A research conducted by Dr George K. Ofosu, an Associate of the Ghana Center for Democratic Development (CDD-Ghana), has revealed that Ghanaian voters are twice as much likely to vote for parliamentary candidates who provide infrastructural development than those who promise financial support to individuals.
In competitive constituencies, such a promise works whether or not a candidate and the voter belong to the same political party, whereas in non-competitive constituencies, this pledge only influences voters who belong to the candidate’s party.
The research, based on how voters select Member of Parliament (MP) noted that candidates who regularly organize town hall meetings to listen and share in their grief are likely to win the votes of constituents.
During a presentation on the research at the CDD office, Dr George Ofosu added that, MPs who attend social gatherings such as funerals, traditional festivals among other social events and equally support the occasion with cash gain the votes of the inhabitants.

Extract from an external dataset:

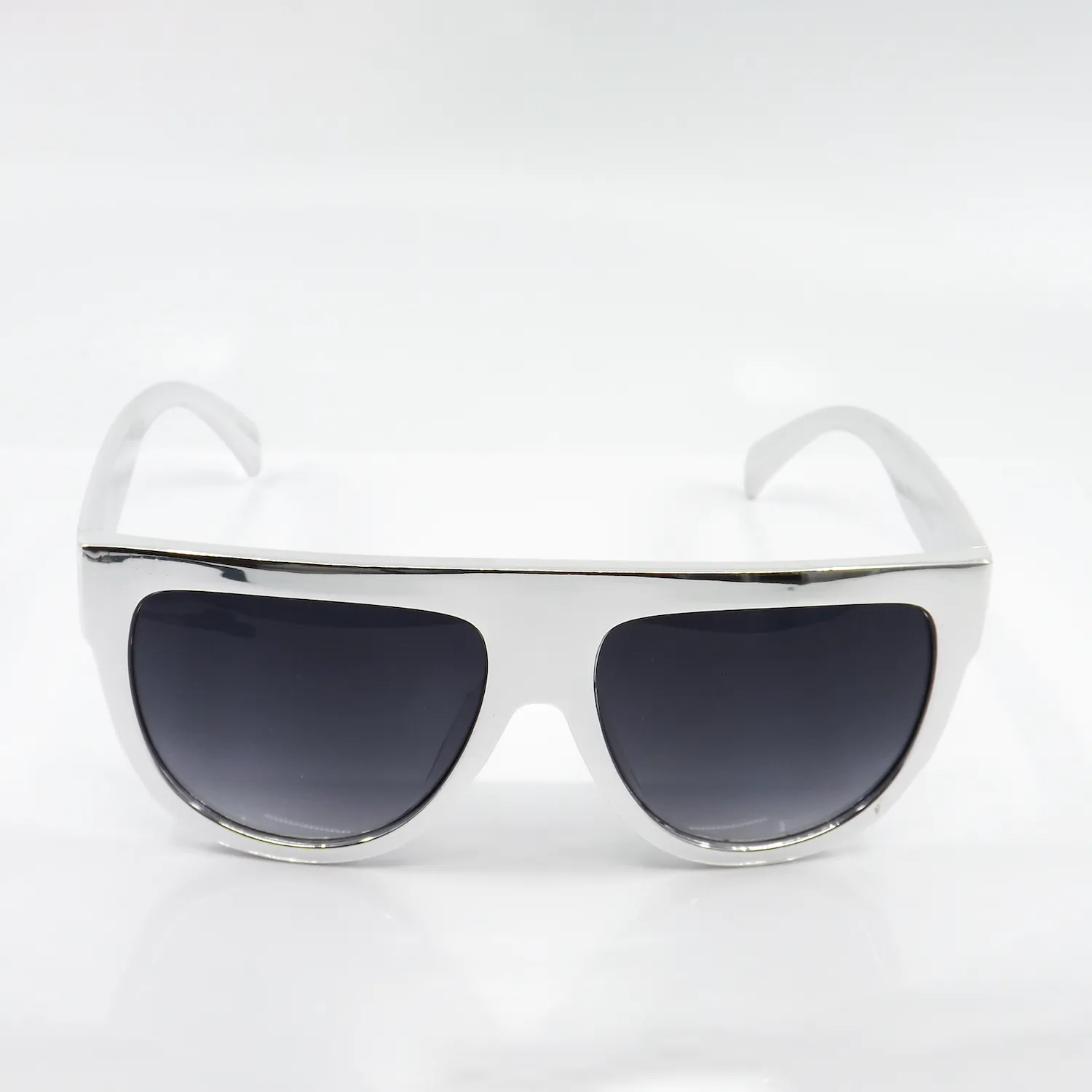 Chromed Out Flat Top Square Sunglasses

“The findings seek to suggest that a lot of people, in general, seem to want their MPs to provide local public infrastructure such as roads, hospitals and so on other than providing personal financial assistance such as school fees, paying their medical bills”, he said.
The finding further noted that MPs who listen to the call of their constituents, represent their views in parliament will also retain their seats as this, is very critical to them.
Dr Ofosu said, “Representation is very important to people. Representing our views in parliament is important too and they that into account when they are electing Members of parliament”.
However, Dr Ofosu averred that parliamentary candidates’ profession, as well as the gender, has no effect on the people’s choice in selecting an MP for the area.